Can you pull out each line of the data below that includes the word "レディース"?

——————————

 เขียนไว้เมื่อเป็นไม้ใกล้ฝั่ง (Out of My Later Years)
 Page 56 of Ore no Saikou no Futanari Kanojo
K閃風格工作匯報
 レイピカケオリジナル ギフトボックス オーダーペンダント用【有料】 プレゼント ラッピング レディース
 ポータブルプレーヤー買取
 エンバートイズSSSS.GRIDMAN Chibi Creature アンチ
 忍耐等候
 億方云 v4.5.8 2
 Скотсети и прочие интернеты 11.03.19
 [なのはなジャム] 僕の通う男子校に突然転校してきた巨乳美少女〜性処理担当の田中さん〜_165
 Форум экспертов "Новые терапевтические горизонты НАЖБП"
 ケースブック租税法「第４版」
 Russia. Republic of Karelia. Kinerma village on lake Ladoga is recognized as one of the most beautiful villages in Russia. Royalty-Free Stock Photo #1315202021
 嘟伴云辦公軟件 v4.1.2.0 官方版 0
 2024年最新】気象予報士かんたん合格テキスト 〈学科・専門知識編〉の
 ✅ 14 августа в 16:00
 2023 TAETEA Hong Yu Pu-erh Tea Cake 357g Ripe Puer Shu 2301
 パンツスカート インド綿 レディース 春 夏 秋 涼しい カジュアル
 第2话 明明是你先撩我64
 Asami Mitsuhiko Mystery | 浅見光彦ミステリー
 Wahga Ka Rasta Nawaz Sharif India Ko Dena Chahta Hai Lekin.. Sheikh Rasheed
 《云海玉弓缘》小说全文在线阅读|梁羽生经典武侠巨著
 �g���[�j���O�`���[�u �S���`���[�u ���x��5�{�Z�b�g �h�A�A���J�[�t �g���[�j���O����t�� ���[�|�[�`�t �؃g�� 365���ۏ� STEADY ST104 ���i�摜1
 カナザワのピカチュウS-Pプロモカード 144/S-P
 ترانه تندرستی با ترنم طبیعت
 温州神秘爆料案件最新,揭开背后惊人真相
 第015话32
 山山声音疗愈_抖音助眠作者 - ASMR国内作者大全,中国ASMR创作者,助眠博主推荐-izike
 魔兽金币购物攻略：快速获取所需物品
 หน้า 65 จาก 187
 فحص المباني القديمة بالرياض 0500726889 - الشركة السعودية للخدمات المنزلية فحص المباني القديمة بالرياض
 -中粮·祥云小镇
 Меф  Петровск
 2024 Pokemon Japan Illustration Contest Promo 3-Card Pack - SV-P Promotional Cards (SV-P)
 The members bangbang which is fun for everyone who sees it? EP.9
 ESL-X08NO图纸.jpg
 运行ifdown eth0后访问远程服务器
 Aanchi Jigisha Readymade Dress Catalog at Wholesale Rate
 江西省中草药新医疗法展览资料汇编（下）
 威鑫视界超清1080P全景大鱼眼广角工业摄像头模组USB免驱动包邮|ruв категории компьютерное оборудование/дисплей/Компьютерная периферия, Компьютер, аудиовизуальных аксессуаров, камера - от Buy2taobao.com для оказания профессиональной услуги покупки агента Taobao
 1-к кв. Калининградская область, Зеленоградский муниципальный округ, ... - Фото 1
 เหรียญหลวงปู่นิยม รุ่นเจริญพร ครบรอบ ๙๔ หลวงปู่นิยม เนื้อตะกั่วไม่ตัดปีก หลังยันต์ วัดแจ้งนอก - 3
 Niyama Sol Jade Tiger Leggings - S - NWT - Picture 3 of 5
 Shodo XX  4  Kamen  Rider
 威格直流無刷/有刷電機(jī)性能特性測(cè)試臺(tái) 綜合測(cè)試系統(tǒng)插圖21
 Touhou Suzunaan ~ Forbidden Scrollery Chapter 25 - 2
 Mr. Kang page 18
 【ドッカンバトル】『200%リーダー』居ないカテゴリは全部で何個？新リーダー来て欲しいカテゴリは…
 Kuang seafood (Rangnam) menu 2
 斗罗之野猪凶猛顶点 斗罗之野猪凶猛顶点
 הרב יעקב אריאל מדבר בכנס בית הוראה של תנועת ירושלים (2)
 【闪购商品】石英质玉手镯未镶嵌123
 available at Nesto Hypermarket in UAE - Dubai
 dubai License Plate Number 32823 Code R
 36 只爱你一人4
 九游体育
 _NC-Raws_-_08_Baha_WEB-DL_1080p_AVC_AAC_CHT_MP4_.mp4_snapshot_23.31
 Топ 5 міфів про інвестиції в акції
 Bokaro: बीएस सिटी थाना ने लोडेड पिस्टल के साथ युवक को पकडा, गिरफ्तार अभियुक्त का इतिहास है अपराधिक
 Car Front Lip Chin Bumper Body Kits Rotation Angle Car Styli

——————————

▶ [OUTPUT FOR THIS TASK]
 レイピカケオリジナル ギフトボックス オーダーペンダント用【有料】 プレゼント ラッピング レディース
 パンツスカート インド綿 レディース 春 夏 秋 涼しい カジュアル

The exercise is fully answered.